Mais Stuxnet n’était rien comparé aux plans qui étaient en préparation dans le cas où les négociations portant sur le programme nucléaire iranien auraient échoué (elles ont abouti à l’accord de Vienne, conclu le 14 juillet 2015).

Ainsi, le documentaire « Zero Days » d’Alex Gibney, diffusé lors d’un festival à Berlin, révèle que les États-Unis avaient planifié l’opération « Nitro Zeus », dont l’objectif était de neutraliser les défenses aériennes de l’Iran ainsi que ses systèmes de communication et une partie de son réseau électrique. Ce plan a été confirmé dans les grandes lignes au New York Times par des responsables militaires américains.

Ces préparatifs, qui faisaient partie « d’un effort pour assurer au président Obama une solution de rechange » dans le cas d’un échec des négociations, ont mobilisé des milliers de militaires et de membres du renseignement américain et coûté « des dizaines de millions de dollars ».

En outre, une action plus ciblée devait détruire l’usine d’enrichissement souterraine de Fordo. Ce site était alors considéré comme étant le plus difficile à détruire par des frappes aériennes en raison de sa résistance supposée aux bombes conventionelles les plus puissantes de l’arsenal américain.

Un autre enjeu de « Nitro Zeus » était d’éviter une intervention militaire israélienne contre le programme nucléaire iranien, ce qui aurait entraîné les États-Unis dans un conflit dont ils ne voulaient pas.

Ce plan suggère, écrit le New York Times, que l’administration Obama envisageait « sérieusement » un échec des négociations sur le programme nucléaire iranien et « montre également que les cyberopérations joue désormais un rôle crucual dans la planification militaire et les opérations de renseignement ». Et d’ajouter que, désormais, « la cyberguerre est devenue un élément standard de ce qu’on appelle aujourd’hui les ‘guerres hybrides' ».

Cela étant, l’opération « Nitro Zeus », si elle avait été mise en oeuvre, aurait pu causer des « dommages collatéraux » sur la population iranienne (et pas seulement), en particulier à cause des cyberattaques contre le réseau de distribution électrique, qui, par ailleurs, auraient pu s’étendre aux pays voisins.

Cette affaire démontre-t-elle que des cyberarmes peuvent avoir un effet dissuasif au même titre que l’arme nucléaire? « Pas du tout! », avait estimé, dans un entretien accordé au Point en janvier 2014, le contre-amiral Arnaud Coustillière, responsable de la cyberdéfense au ministère de la Défense.

« Les fondements de la dissuasion nucléaire n’existent pas dans le cyber.

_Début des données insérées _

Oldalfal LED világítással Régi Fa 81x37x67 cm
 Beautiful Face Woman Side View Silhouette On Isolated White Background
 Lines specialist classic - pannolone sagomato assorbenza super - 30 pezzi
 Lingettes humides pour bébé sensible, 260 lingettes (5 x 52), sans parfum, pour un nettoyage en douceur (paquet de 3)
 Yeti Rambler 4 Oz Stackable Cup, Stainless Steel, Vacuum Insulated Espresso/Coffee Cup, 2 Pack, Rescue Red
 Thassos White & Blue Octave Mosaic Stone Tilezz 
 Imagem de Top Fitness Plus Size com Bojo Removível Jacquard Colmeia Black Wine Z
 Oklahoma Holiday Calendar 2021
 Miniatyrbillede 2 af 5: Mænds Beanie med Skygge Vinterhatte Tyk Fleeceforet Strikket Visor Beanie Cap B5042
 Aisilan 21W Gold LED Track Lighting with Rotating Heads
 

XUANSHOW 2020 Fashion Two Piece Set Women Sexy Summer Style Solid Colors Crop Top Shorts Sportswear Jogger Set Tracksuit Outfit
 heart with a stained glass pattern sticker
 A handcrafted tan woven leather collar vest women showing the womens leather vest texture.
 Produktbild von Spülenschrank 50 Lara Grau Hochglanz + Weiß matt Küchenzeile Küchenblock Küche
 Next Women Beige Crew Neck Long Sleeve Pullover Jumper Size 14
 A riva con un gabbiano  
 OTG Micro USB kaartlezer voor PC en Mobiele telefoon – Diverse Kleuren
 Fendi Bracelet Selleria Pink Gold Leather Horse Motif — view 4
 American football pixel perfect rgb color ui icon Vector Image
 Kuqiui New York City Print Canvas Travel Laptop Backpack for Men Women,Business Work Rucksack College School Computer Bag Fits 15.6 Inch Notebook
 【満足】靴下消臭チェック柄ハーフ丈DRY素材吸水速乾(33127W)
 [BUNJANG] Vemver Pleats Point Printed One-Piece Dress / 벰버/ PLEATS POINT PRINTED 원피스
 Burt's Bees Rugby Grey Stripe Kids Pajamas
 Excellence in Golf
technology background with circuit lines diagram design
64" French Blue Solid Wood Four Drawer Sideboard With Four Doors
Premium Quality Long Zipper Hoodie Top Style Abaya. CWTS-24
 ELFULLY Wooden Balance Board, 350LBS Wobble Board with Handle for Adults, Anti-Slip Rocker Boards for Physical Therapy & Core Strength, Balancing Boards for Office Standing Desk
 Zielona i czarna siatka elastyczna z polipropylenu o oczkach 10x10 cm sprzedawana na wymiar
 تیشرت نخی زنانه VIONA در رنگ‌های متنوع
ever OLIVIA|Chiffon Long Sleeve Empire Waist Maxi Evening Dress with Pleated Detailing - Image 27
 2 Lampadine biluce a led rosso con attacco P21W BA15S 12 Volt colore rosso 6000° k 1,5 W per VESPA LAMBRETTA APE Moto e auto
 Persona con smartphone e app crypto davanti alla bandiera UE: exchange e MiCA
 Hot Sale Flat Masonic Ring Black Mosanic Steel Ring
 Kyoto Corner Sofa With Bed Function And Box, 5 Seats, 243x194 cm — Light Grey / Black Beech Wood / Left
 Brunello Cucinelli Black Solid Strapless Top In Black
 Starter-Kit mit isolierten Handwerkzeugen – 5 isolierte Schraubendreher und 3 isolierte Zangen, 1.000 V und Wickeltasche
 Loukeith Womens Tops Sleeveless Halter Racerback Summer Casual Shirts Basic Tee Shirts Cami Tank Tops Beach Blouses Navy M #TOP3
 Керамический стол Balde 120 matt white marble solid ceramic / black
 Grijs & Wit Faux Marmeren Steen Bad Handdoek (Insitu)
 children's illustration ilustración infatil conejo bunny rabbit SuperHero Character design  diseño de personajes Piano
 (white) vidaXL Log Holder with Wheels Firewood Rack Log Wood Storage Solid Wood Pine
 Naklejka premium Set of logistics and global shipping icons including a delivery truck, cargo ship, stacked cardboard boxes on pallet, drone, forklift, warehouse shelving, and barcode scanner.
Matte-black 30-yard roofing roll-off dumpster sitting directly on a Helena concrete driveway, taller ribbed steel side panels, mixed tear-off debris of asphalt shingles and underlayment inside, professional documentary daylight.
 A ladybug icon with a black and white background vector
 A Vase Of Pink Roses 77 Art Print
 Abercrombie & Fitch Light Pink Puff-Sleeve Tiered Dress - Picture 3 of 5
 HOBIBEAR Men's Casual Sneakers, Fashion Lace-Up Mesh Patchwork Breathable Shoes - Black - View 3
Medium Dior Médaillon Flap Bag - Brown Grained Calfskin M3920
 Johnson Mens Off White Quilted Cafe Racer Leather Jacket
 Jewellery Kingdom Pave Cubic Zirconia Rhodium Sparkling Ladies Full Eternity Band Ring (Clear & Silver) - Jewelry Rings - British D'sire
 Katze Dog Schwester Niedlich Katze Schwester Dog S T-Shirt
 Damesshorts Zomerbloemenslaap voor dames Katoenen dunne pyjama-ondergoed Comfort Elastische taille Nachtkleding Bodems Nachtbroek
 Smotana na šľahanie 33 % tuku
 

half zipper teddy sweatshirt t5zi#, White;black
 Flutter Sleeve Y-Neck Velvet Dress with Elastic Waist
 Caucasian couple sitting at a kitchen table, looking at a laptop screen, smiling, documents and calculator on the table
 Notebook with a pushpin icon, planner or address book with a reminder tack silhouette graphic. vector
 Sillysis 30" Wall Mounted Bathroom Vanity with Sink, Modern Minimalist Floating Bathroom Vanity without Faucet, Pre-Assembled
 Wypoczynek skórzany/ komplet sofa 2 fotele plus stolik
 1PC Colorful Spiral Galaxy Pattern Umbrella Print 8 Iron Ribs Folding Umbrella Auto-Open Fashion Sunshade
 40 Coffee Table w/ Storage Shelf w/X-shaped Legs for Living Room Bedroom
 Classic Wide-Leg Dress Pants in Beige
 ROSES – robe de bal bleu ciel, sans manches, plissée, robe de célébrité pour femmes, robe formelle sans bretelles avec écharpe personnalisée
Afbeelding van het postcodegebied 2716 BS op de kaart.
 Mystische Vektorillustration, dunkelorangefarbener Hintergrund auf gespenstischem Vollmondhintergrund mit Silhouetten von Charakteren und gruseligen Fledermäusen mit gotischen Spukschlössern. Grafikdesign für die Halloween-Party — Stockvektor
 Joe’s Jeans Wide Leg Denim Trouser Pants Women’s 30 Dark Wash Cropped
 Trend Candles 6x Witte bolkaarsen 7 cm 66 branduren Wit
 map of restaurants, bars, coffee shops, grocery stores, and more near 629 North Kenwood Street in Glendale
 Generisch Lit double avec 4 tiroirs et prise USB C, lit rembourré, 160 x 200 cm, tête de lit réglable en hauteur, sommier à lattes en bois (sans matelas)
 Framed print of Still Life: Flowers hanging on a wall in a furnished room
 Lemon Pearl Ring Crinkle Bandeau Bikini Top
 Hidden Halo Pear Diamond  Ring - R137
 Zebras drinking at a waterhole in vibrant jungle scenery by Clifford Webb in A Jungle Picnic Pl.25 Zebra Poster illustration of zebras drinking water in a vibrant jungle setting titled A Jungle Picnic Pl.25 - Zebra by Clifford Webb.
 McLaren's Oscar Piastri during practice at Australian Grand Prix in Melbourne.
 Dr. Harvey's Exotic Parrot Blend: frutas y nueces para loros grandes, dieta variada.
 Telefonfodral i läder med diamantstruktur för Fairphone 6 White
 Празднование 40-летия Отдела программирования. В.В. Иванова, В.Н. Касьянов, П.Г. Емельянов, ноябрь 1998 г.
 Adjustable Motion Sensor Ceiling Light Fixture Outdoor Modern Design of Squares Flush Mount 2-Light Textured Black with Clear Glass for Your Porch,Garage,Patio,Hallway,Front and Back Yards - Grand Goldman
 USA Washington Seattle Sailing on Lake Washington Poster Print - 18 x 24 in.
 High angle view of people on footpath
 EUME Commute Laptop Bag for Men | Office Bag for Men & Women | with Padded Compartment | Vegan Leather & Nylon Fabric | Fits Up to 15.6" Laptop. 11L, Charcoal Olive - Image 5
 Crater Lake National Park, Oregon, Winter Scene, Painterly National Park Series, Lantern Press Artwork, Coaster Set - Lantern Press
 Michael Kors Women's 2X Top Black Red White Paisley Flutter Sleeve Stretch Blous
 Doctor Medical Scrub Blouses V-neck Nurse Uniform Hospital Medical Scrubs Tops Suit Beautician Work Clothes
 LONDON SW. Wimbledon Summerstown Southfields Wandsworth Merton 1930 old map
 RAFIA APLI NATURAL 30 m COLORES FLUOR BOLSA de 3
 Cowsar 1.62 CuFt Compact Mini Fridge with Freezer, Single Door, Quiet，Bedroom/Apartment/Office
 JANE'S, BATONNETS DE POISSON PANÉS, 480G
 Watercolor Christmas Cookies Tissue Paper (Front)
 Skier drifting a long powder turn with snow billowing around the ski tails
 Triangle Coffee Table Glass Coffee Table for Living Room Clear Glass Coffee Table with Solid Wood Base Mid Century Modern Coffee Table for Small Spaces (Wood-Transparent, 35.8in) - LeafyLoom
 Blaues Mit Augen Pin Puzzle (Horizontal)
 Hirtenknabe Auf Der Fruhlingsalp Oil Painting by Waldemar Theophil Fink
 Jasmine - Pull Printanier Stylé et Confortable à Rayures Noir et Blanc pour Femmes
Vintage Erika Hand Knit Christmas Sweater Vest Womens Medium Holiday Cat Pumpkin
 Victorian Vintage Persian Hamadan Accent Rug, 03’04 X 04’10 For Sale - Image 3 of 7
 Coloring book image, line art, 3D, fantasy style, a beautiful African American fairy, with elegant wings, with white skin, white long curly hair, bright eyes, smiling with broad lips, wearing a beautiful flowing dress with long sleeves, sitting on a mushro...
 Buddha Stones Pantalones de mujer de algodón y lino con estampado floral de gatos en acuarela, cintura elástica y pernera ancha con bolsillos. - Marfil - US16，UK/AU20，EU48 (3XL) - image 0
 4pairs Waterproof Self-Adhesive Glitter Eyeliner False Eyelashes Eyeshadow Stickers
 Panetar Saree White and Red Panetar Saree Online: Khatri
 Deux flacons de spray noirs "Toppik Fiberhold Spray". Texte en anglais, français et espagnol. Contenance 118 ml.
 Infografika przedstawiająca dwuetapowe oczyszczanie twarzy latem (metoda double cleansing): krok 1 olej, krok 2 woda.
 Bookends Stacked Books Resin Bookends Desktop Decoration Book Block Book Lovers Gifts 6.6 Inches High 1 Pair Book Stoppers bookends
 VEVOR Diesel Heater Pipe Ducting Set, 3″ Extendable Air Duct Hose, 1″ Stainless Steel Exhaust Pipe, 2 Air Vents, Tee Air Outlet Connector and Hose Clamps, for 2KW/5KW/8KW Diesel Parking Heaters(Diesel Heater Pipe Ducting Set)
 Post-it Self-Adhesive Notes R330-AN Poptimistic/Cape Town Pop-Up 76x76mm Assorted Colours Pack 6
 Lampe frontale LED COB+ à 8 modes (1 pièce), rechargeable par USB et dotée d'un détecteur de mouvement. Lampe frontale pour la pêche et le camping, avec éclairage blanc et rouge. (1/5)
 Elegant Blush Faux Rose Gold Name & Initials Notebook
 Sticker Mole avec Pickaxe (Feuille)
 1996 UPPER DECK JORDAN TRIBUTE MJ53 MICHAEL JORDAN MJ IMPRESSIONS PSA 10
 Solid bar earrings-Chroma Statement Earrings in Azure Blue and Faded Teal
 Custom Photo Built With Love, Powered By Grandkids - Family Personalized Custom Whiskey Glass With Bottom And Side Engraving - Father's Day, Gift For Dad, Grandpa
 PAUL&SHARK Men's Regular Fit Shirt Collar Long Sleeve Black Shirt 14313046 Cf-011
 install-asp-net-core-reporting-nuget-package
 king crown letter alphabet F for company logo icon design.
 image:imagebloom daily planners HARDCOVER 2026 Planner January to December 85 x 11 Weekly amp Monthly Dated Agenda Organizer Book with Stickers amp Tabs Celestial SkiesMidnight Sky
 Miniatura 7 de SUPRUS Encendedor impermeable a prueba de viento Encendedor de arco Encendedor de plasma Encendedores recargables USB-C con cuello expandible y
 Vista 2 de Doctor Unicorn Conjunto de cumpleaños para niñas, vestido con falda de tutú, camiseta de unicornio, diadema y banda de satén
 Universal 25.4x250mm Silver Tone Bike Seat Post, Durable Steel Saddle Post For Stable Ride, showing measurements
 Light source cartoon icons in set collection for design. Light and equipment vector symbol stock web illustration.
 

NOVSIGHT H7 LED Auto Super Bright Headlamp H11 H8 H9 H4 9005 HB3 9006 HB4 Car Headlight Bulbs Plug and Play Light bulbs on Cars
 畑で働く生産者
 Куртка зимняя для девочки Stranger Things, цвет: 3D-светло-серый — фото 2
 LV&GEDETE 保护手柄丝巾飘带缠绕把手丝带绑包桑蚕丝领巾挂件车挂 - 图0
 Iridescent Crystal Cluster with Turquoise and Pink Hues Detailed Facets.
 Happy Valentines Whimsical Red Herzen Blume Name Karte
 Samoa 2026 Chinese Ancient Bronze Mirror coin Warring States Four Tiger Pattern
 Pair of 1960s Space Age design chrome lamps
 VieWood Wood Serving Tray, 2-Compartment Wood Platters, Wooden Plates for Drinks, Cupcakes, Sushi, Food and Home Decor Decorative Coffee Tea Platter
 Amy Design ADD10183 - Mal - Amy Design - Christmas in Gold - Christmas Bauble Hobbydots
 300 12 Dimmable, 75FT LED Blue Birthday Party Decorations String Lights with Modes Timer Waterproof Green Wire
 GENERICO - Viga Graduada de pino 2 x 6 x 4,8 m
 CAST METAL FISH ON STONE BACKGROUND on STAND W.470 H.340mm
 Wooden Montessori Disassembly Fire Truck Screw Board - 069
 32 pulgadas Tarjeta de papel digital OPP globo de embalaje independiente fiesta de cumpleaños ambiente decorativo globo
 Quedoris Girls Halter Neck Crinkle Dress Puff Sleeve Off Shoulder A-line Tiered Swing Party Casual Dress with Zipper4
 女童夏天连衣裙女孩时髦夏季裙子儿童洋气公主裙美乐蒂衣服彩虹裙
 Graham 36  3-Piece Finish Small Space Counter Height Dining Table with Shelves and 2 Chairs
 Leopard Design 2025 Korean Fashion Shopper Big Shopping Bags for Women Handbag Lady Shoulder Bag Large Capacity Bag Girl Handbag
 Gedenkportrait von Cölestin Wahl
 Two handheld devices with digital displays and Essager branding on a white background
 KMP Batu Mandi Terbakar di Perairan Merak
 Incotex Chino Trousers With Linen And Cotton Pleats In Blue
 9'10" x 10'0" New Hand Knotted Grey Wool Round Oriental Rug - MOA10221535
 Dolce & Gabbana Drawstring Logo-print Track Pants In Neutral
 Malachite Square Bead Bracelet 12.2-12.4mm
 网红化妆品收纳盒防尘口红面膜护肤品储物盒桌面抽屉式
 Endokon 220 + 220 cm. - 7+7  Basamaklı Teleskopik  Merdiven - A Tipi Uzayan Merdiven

En France, le nucléaire est une arme de non-emploi, censée établir un dialogue de la terreur entre gens raisonnables. Le cyberespace est totalement gris. Les armes cyber sont des armes d’emploi, avec une prolifération galopante, et ses acteurs sont très divers », avait-il expliqué.

« En revanche, une attaque catastrophique peut se produire sur des infrastructures vitales. Surtout sur celles dont on sait qu’elles peuvent se limiter à un pays. L’électricité, c’est compliqué, car cela peut s’étendre aux pays voisins, par effet château de cartes. En revanche, l’eau, les transports, tout ce qui est opérateurs réseaux : ces secteurs peuvent prendre place dans une escalade globale et entraîner des dégâts considérables », avait ajouté le contre-amiral Coustillière.